Population (2022-12-31)
- • Total: 6,167
- • Density: 140/km^{2} (360/sq mi)
- Time zone: UTC+01:00 (CET)
- • Summer (DST): UTC+02:00 (CEST)
- Postal codes: 09465
- Dialling codes: 037342
- Vehicle registration: ERZ, ANA, ASZ, AU, MAB, MEK, STL, SZB, ZP
- Website: www.sehmatal.de

= Sehmatal =

Sehmatal is a municipality in the district of Erzgebirgskreis, in Saxony, Germany, which was created in 1999 through the union of Neudorf, Cranzahl and Sehma. The three villages are located along the Sehma river, aligned in a north-south direction. At the northern end is the former village of Sehma, in the middle the town of Cranzahl, to the south the village of Neudorf.

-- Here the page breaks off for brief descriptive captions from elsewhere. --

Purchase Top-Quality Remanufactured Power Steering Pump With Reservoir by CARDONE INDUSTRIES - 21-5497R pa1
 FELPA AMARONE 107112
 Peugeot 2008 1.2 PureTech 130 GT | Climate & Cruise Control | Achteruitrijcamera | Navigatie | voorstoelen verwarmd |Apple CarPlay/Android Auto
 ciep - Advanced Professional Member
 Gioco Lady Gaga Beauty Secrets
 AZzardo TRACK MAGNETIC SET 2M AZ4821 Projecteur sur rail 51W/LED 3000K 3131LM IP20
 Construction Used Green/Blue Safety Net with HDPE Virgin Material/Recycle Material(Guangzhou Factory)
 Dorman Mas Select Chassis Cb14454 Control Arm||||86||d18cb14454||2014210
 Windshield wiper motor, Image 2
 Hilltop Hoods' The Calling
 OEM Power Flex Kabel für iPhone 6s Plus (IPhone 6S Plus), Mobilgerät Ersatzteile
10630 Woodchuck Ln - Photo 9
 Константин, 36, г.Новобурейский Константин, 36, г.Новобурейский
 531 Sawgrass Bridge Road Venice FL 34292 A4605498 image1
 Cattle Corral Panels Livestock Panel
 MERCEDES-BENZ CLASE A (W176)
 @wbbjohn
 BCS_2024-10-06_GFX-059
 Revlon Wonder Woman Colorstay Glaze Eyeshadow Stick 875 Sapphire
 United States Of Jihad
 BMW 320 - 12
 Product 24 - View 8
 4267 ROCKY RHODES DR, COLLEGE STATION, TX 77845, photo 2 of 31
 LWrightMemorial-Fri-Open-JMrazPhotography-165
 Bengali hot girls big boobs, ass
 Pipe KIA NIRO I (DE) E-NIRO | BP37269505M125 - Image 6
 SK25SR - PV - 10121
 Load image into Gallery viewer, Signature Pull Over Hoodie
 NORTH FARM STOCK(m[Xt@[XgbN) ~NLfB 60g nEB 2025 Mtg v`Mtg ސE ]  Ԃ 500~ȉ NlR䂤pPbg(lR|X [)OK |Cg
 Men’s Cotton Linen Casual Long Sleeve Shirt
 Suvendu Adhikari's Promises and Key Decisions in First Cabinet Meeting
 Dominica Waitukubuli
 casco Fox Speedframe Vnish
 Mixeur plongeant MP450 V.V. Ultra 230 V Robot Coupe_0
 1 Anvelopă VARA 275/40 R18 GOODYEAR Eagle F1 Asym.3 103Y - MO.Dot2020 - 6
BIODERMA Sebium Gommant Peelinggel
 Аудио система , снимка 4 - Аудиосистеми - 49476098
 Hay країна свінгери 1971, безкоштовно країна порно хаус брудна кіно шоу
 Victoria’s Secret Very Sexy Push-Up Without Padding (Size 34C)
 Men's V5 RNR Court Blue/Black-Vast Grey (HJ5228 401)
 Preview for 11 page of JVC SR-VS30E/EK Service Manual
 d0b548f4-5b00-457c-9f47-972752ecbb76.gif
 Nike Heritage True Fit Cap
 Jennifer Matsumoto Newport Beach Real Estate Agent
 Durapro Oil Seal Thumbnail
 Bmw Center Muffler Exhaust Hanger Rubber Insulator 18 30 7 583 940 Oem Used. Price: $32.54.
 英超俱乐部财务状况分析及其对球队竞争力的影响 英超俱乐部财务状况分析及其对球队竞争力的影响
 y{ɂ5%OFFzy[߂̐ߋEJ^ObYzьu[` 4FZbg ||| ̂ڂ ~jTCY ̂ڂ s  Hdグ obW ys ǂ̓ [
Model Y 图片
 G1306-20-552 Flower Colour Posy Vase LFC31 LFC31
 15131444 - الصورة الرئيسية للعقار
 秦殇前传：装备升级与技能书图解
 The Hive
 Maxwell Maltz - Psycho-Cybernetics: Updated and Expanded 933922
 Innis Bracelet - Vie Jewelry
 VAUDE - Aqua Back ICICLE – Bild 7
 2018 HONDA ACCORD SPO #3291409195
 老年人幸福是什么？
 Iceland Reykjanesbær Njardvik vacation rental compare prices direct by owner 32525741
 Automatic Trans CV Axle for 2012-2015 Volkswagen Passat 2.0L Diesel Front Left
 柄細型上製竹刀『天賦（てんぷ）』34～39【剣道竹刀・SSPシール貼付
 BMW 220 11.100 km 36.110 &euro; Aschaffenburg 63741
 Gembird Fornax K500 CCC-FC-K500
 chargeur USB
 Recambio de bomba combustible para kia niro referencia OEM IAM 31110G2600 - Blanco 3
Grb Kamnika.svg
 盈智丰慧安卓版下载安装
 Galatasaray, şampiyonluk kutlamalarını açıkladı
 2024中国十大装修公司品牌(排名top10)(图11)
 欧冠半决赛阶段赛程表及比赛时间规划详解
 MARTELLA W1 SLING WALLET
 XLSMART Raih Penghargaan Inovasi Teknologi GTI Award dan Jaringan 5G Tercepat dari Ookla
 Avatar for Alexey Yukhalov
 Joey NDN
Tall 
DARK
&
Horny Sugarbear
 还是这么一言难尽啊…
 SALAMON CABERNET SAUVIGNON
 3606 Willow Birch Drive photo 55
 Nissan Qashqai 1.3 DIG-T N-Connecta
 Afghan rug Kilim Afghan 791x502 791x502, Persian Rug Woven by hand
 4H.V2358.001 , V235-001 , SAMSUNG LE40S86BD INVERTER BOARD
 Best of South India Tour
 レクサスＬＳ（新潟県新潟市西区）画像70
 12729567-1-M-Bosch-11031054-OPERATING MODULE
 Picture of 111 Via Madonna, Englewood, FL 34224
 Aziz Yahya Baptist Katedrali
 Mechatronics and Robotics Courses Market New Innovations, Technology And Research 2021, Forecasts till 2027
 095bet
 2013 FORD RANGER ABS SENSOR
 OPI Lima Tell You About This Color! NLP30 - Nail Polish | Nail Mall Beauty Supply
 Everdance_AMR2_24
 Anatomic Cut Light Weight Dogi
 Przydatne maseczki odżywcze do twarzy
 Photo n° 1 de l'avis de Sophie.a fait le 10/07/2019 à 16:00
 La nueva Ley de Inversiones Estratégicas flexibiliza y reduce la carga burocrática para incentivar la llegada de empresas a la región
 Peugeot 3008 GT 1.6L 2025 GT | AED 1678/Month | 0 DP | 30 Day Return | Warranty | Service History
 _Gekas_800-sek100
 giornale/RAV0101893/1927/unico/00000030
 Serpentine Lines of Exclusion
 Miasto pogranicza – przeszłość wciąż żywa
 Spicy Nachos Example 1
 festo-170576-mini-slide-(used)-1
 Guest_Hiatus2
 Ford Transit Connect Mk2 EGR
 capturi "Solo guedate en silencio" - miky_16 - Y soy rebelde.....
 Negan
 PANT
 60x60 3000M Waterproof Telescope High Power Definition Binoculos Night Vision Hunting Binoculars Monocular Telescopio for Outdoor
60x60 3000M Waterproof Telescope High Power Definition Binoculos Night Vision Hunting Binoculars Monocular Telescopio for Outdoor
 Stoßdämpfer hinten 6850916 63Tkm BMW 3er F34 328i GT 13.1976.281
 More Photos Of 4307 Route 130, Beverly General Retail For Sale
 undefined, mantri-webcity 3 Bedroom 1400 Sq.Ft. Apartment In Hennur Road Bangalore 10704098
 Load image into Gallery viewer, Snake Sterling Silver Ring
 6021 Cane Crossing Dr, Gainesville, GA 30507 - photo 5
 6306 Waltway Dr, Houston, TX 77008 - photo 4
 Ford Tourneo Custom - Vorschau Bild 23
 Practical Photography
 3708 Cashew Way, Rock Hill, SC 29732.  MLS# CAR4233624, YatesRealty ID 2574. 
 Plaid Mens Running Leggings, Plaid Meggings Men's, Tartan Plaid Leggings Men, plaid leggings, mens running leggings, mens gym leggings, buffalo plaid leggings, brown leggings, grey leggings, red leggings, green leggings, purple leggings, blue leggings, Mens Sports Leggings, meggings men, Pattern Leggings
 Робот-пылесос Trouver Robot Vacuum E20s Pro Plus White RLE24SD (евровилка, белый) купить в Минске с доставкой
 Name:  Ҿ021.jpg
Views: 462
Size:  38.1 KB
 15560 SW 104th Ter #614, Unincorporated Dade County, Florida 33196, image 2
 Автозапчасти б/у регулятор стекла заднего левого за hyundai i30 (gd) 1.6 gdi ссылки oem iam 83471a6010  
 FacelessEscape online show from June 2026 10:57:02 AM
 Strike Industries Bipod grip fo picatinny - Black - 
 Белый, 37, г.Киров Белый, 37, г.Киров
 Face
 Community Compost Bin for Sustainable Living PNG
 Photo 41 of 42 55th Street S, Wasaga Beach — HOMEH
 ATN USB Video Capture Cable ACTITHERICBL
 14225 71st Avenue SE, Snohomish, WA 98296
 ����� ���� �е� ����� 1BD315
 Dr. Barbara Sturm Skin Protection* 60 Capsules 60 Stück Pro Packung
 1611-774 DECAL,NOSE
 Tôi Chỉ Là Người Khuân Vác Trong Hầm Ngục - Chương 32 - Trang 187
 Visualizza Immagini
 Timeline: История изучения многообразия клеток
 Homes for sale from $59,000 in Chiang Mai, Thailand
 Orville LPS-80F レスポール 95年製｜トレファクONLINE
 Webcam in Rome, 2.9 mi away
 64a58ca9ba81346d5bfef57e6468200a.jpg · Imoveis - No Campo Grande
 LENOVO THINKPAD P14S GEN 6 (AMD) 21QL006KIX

The town borders to Annaberg-Buchholz in the north, in the east is Königswalde and Bärenstein, Oberwiesenthal is south and Crottendorf in the west. Nearby is the Bärenstein mountain with a height of 898 meters. The trains along Vejprty–Annaberg-Buchholz railway stop in Sehma and Cranzahl. The station in Cranzahl is also the starting point for the Fichtelberg Railway to Oberwiesenthal.

Neudorf is the home town of Olympic gold medalist Viola Bauer.

Sehmatal's sister city in the United States is Running Springs, California.

== History ==
From 1952 to 1990, the constituent localities of Sehmatal (Neudorf, Cranzahl and Sehma) were part of the Bezirk Karl-Marx-Stadt of East Germany.